# Sound problems with a DVD



## SelwynRose (Sep 6, 2012)

Good-day, Forum members.
I may not be in the right forum here; I hope you will forgive me, if so, because this concerns TV and not computers.
My wife and I have a slight hearing problem and our best solution has been to purchase individual ear-phones by which we could enhance our hearing ability without cutting out the voice-function for others in the same room. This works perfectly under nearly ALL circumstances, including various DVD's and VHS's that I have recorded and/or purchased. 

I have recently purchased a DVD - "The Longest Day" - and the sound-track is heard perfectly directly from the TV but no amount of fiddling with various possible connections succeeds in reproducing the sound track via the ear-phones. Has anyone got the slightest idea what the problem may be? I would be most grateful for any help or suggestion.
Selwyn.


----------



## JimE (Apr 16, 2009)

Should be no changes necessary from DVD to DVD.

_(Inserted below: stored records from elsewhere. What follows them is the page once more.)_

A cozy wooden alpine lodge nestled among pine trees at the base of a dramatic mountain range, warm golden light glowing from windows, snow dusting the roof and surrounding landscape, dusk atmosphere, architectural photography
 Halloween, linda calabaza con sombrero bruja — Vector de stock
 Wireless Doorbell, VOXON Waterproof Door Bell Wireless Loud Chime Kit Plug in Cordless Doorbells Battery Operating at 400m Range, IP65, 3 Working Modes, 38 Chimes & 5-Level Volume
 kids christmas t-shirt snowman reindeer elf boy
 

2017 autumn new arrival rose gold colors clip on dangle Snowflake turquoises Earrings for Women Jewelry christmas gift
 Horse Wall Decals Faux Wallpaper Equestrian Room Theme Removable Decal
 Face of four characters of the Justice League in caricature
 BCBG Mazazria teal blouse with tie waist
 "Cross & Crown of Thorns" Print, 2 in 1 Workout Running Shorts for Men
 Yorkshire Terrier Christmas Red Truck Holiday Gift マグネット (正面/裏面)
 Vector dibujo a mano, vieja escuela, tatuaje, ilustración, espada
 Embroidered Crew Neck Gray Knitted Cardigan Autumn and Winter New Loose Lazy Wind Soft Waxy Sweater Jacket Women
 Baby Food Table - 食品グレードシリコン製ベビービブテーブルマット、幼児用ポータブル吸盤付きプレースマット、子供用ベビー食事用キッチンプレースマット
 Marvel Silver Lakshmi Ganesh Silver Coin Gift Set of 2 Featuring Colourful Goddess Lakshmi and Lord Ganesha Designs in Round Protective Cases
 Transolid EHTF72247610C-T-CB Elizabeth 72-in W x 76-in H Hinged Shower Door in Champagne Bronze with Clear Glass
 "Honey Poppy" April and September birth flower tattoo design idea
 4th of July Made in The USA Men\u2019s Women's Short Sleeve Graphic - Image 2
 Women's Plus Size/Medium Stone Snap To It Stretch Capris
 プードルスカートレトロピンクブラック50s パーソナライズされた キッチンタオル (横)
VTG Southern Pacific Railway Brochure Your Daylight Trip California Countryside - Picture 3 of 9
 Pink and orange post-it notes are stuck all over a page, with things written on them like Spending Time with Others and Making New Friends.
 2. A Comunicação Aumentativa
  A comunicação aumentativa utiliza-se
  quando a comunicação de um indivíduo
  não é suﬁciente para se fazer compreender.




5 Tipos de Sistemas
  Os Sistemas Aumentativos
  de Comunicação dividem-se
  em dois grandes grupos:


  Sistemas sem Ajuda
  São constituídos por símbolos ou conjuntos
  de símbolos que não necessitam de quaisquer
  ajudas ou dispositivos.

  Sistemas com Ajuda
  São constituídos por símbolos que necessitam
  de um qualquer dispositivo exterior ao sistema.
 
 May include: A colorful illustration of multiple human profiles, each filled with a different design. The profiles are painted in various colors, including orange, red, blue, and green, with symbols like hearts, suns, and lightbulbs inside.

What hardware is being used and how is it connected?


----------



## War2th (Sep 3, 2012)

check out this. good stuff. good stuff. get 1 of those and an "audio distrobution amplifier" to connect everything a bit pricey but worth every penny


----------



## War2th (Sep 3, 2012)

sry 4 got the link

Home Theater Headphones - Wireless Headphones Reviews


----------



## SelwynRose (Sep 6, 2012)

Thank you Dogg & War2th for your replies.
Dogg: Both the DVD player and the TV are LG units and - as stated - work correctly with other purchased DVD's and VHS's as do the head-sets; one unit of head-sets is Sony the other Sennheiser. 
War2th: I don't really need another replacement headset; the ones I have function perfectly with other playable recordings - commercial or home-produced.

Many thanks to both of you and have a nice week-end.


----------